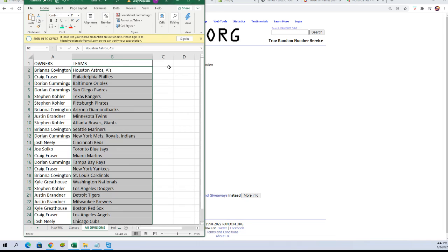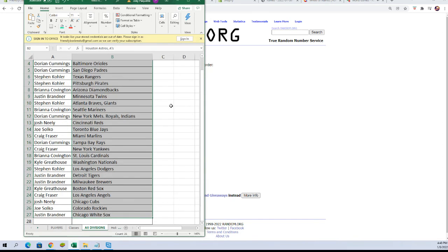You've got Houston Astros and A's — Craig F. You've got the Phillies — Dorian C. You've got the Orioles and Padres — Stephen K. You've got Rangers Pirates, Diamondbacks — Justin B. Twins — Stephen K. Atlanta Braves and Giants — Brianna C. Mariners — Dorian C. New York Mets, Royals and Indians — Josh N. You've got the Reds — Joe S. Blue Jays — Craig F. Marlins — Dorian C. Rays — Craig F. Yankees — Brianna C. Cardinals — Kyle G. Nationals — Stephen K. Dodgers — Justin B. Tigers and Brewers — Kyle G. Red Sox — Craig F. Angels — Josh N. Cubs — Joe S. Rockies and White Sox — Justin B.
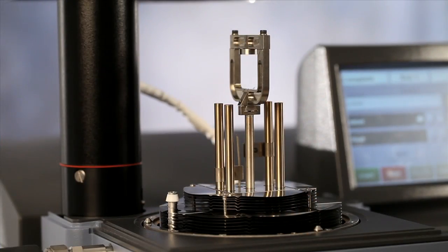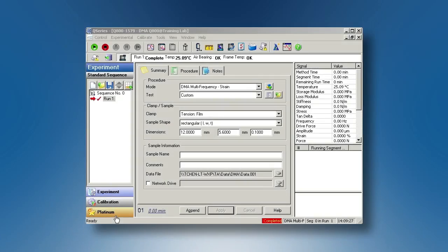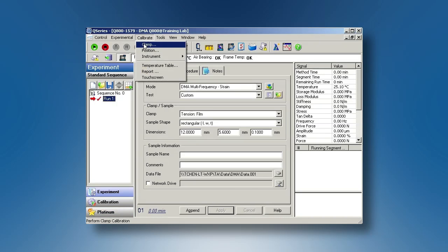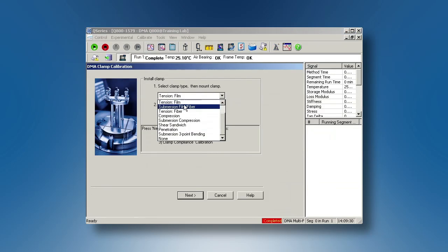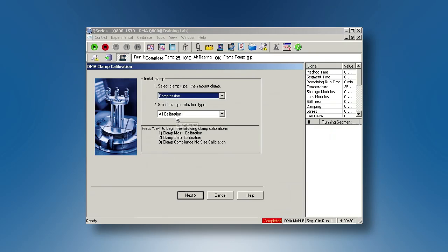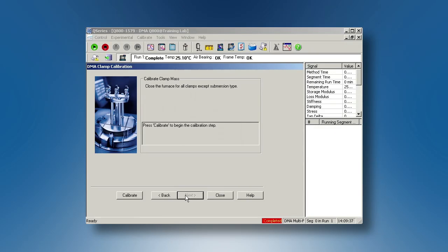From the control software, go to Calibrate, Clamp, choose Compression, All Calibrations, Next. Then click on Calibrate.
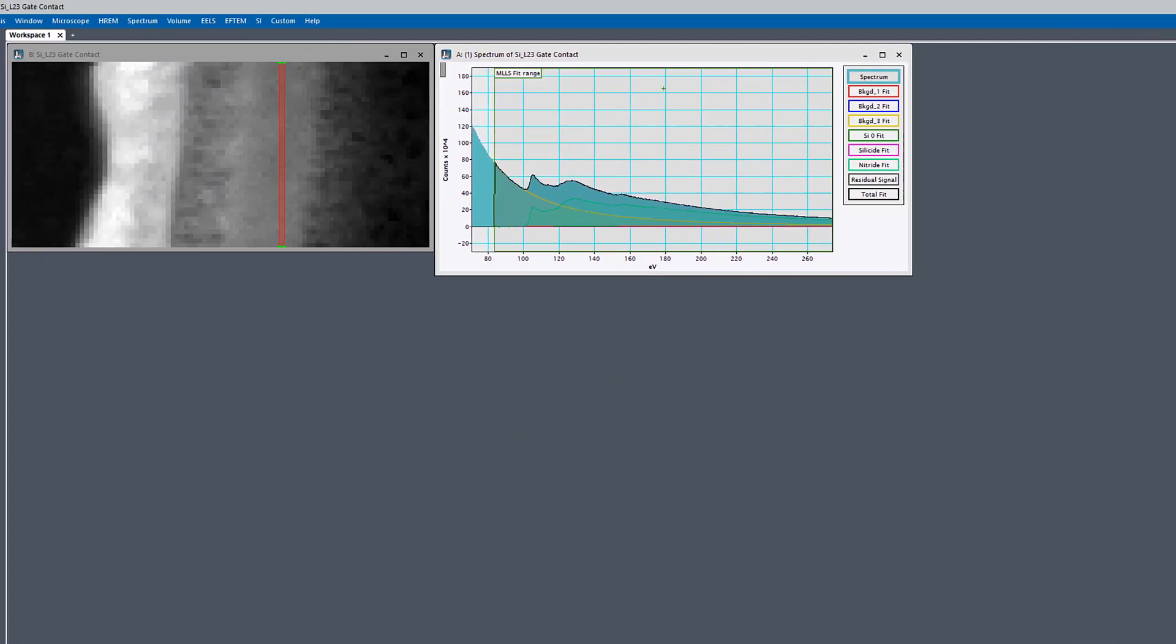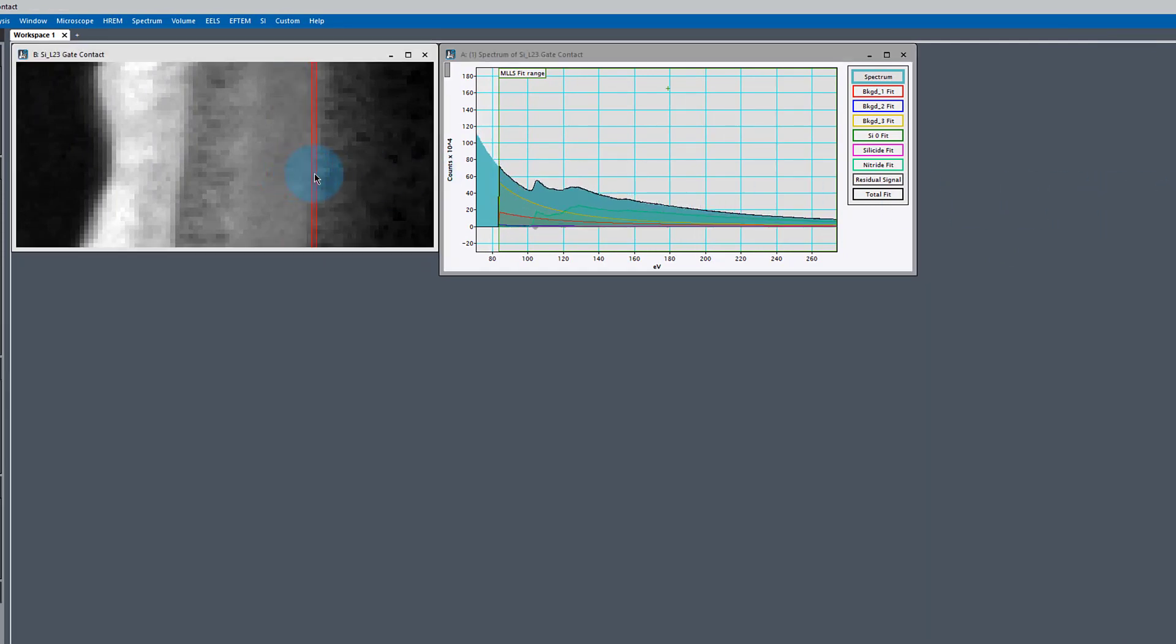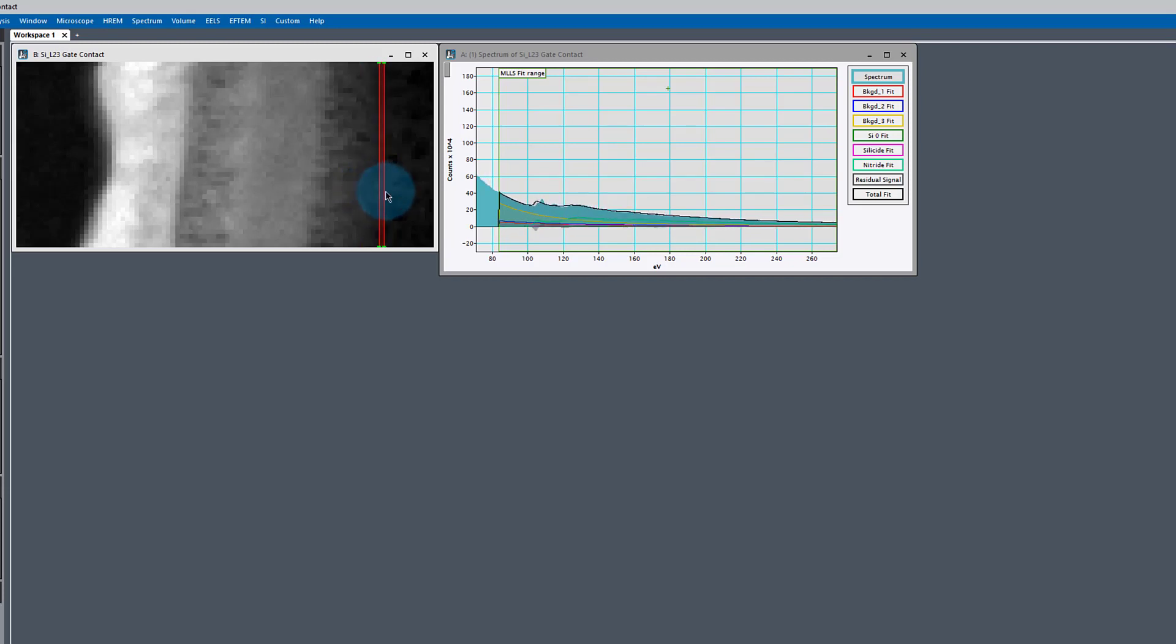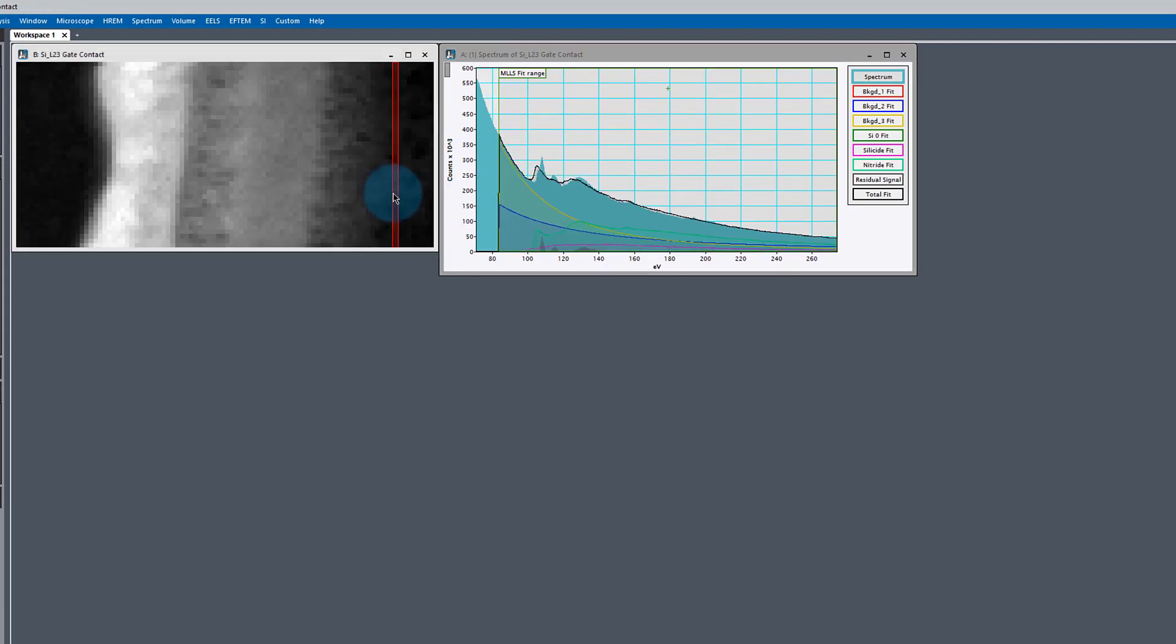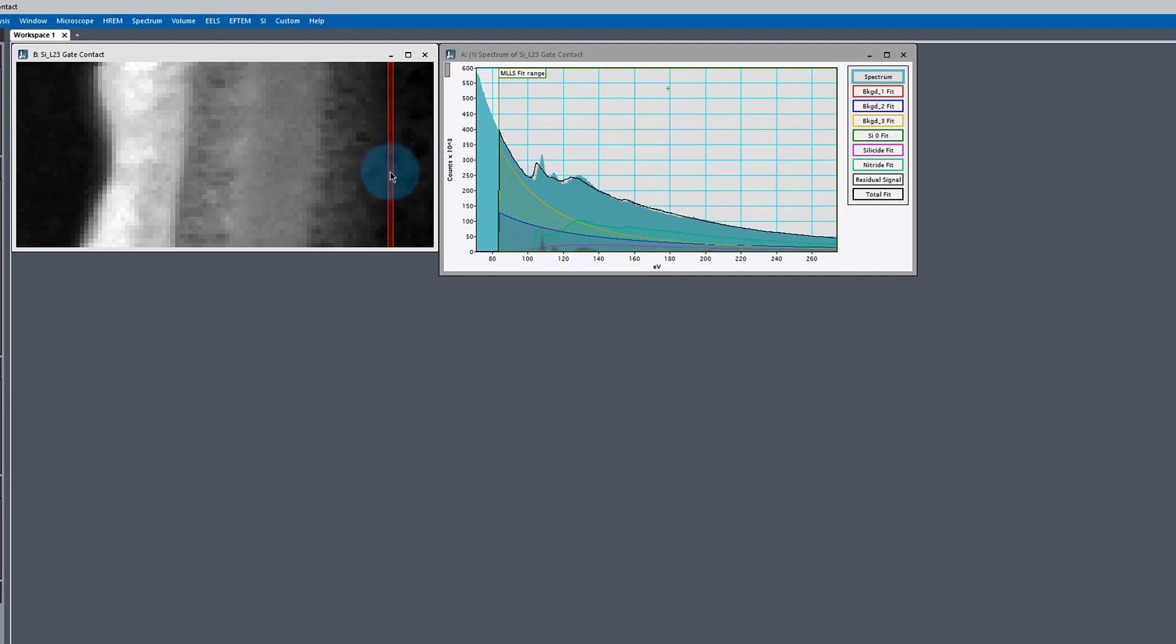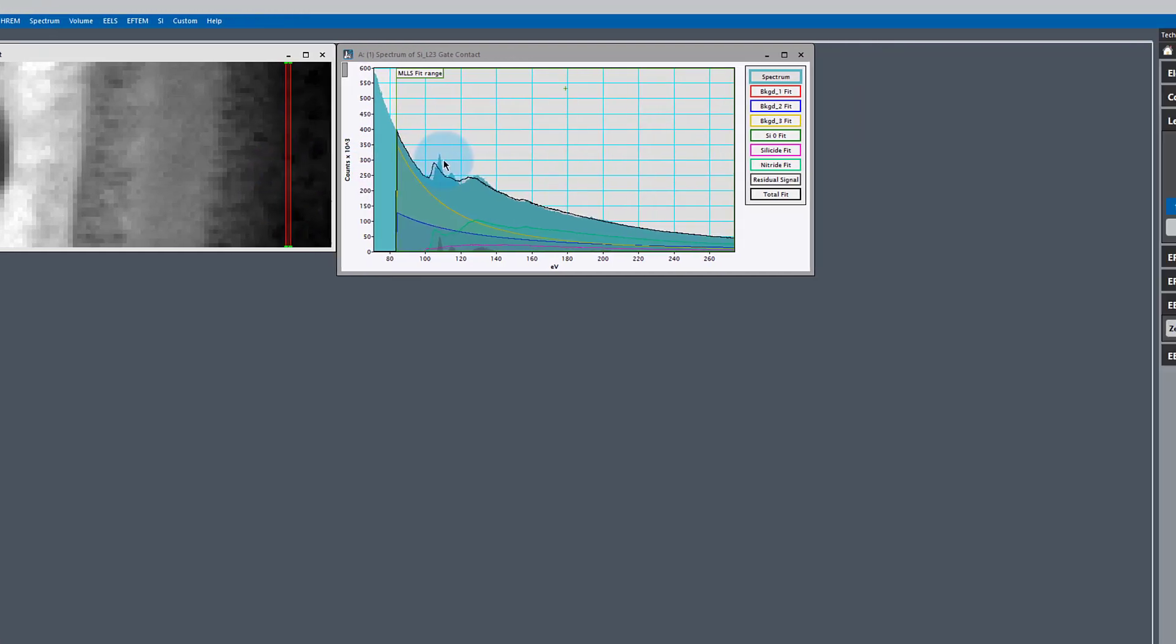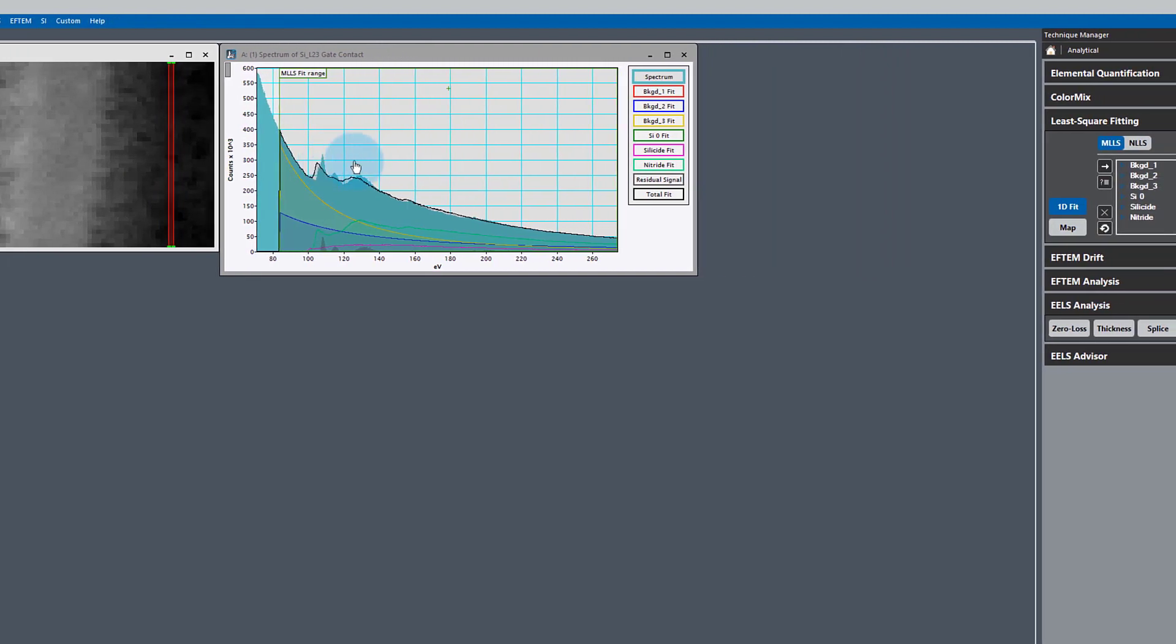Turn the fit back on and sure enough, we've got a nice fit. If we scan along some more, we see again, we get another region where our edges don't fit so well. But our background is fitting quite well. So our background is well represented here, but we need something else for our edge structure. We need a fourth reference.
——
### Aim of the exercise:
Output each line above exactly as it stands, omitting the pictures.

### Output for this task:
You've got Houston Astros and A's — Craig F. You've got the Phillies — Dorian C. You've got the Orioles and Padres — Stephen K. You've got Rangers Pirates, Diamondbacks — Justin B. Twins — Stephen K. Atlanta Braves and Giants — Brianna C. Mariners — Dorian C. New York Mets, Royals and Indians — Josh N. You've got the Reds — Joe S. Blue Jays — Craig F. Marlins — Dorian C. Rays — Craig F. Yankees — Brianna C. Cardinals — Kyle G. Nationals — Stephen K. Dodgers — Justin B. Tigers and Brewers — Kyle G. Red Sox — Craig F. Angels — Josh N. Cubs — Joe S. Rockies and White Sox — Justin B.
From the control software, go to Calibrate, Clamp, choose Compression, All Calibrations, Next. Then click on Calibrate.
Turn the fit back on and sure enough, we've got a nice fit. If we scan along some more, we see again, we get another region where our edges don't fit so well. But our background is fitting quite well. So our background is well represented here, but we need something else for our edge structure. We need a fourth reference.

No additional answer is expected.